Last week’s Grid Edge Innovation Summit 2019, Greentech Media’s annual conference, featured two days of in-depth analysis and frank discussions about the challenges and opportunities that the rise of distributed energy is bringing to utilities and regulators seeking to integrate them into the grid. 

We’ve already covered some of the highlights of the two-day conference, including the latest data from Wood Mackenzie Power & Renewables on grid edge investment trends, and presentations from utilities involved in cutting-edge projects involving rooftop solar, energy storage, electric vehicles and other distributed energy resources (DERs).  

But as with all of our grid edge conferences, there were plenty of news announcements and shared insights to catch up on after the fact. And for our GTM Squared members, we have archives of the videos of the on-stage presentations for those interested in hearing more.

Here are some of the most interesting developments from last week’s event. 

AutoGrid’s view on the world’s (currently) largest virtual power plant in Japan 

Over the past few years, we’ve seen a bit of a competition over the title of “world’s largest virtual power plant.”

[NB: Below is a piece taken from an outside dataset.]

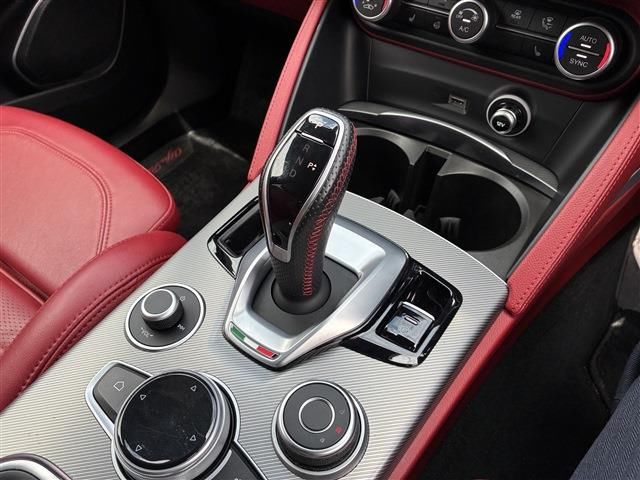 2021 ALFA Romeo STELVIO 缩略图 20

More specifically — and to differentiate what we’re talking about from big multi-megawatt behind-the-meter battery-based VPPs — this competition is for the world’s most aggressively scoped plans for battery-backed solar systems deployed in the thousands, enough to make them a potential replacement for traditional power plants in terms of system capacity and flexibility. 

To date, the two biggest contenders have been the residential solar-storage projects being rolled out by Vermont utility Green Mountain Power and Australian utility AGL, which are aiming at 2,000 and 1,000 homes participating, respectively. To be sure, neither project has yet reached those goals, and both have had their reported share of challenges in getting things rolling with their groundbreaking efforts. 

But now Japan has taken claim to the title of world’s largest VPP, at least on paper.

The plan, announced last week by Japanese energy trading company Eneres Co. and Silicon Valley startup AutoGrid, is to build the “largest storage-virtual power plant in the world by asset volume,” with more than 10,000 behind-the-meter DERs, including solar panels, energy storage systems, combined-heat-and-power units, and electric vehicle batteries, in 2020 and 2021. 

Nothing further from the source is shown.